Study abroad #6
Nepal - April 13 to May 9, 2026
It has been nearly a month! Let me fill you in—
My cohort and I arrived in Kathmandu, Nepal over thirty hours after we’d left our homes in Morocco. We spent those hours pirouetting through time zones—asleep at our gate in the Casablanca airport, hacky-sacking and indulging in the food of the Rome airport, running like maniacs through Delhi’s airport, and finally, arriving home sweet home at the Kathmandu airport.
On that last flight—Delhi to Kathmandu—I felt a flash of anticipatory grief.
Listening to Jason Isbell and Norah Jones through my headphones, artists who remind me of my parents back home, I felt a weight set in—this was the last flight I would take as a student of this program. The twenty-six hooligans that had become my funky, temporary family surrounded me, buried between neck pillows and eye-masks with their mouths open, asleep.
Upon landing, collecting our bags in a state of giddy delirium, and meeting the country coordination team who would become something like the parents of our makeshift family, my sadness washed away without needing prompting.
The beautiful thing about this program is that there is never a dull moment.
After two days spent jet-lag recovering at a hotel, pigging out at the buffet, and sleeping at egregious hours of the day, we were off to the races again.
Diving headfirst, we dispersed around Kathmandu’s historical neighborhood Patan, moved in with our homestay families, and began the long process that has been sorting out Nepal’s complex political, historical, and environmental context.
I don’t think I’ve mentioned this here, but my program’s focus is on the politics of land, water, and energy justice across Ecuador, Morocco, and Nepal—and unlike a traditional study abroad program, we are all together all the time with very little independent freedom.
Personally, I have loved this format. It has instigated our family dynamic as a group and given us access to fascinating, unconventional classrooms (i.e. mountainsides, farms, power plants, jungles, deserts, etc…). Simultaneously, this program does not play when it comes to academic rigor, which is why I was prepared for Nepal to be the most stressful leg—final projects and research papers coming to a head at once.

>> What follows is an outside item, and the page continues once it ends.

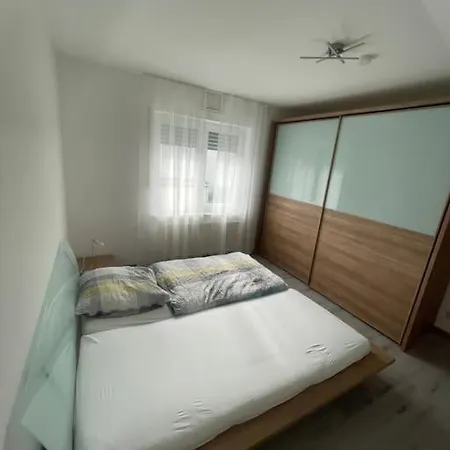 Paderborn, Naehe Lippesee & Scp-arena * Paderborn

With that being said, Nepal has been the country I have sunk most deeply into.
From the moment we stepped out of the airport, I was in love with all the colors.

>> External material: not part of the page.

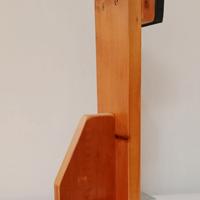 Bass Drum Practice Pad BDPP 03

The pink, red, golden sarees adorning every passing auntie,
The sumptuous warm bricks and bright-orange marigold garlands,
The white, red, green, yellow, blue fluttering Tibetan prayer flags,
The murals, vegetables, Buddha sculptures and smells—all wonderfully bright.
And I felt something I hadn’t felt in a while—the feeling of being at home—even in this bustling, noisy city I’d never been before.
Here are a few things that became immediately apparent:
First—if I wanted to, I could blend in here. My dark hair and ambiguous Asian-ness allowed me to walk these streets free from the head turns and stares I had become so accustomed to in Morocco. The unbridled glee I felt walking around alone at night, completely safe and anonymous, reminded me to never take this feeling for granted again. I didn’t realize how much this reality of Morocco weighed on me until I was free of it.
Second—Nepal has a fascinating history and culture. Sandwiched between India and China, Nepal contains the dichotomy of 240+ glacial-capped peaks that loom over 20,000 ft, and a lowland jungle filled with elephants, rhinos, tigers, monkeys and more. The birthplace of the Buddha, Nepal is home to 30 million people who largely practice a blend of Hinduism and Buddhism, there are 50+ recognized Indigenous groups, and everyone I’ve met has been kind as can be.
Though modernly viewed as an “under-developed” nation (with many arguing about who this development narrative really serves…), Nepal was once a wealthy monarchic kingdom, acting as the intermediary between Tibet and India on the trans-Himalayan trade route. Displays of this ancient wealth can be seen in the beautiful UNESCO World Heritage sites sprinkled throughout the country—one of which, Patan Darbar Square, is just a five minute walk from my home (pictured above).
Nepal also sits at a fraught climate nexus between monsoon floods, massive earthquakes, and rapidly melting glaciers. Yet, the population best positioned to respond to these catastrophes keeps shrinking as outmigration pulls young people away in search of opportunity.
And to think that all of these anecdotes offer barely 1/8th of a teaspoon of what is fascinating and special about this magnificent country!
Our time in Nepal has been structured similarly to that in Morocco—two weeks living and bonding with our host families with full days of classes and/or field trips, one weeklong excursion, and then another two-ish weeks at home.
At this point, those first weeks feel like a precious memory.
My program sister, who I’m sharing a host-family and bedroom with, is named Ari. She is a wonderful, full-of-passion type of person who makes me laugh daily. Our host family is comprised of a mother-daughter duo, with the father living in a different city for work, and the other children studying and working in Taiwan.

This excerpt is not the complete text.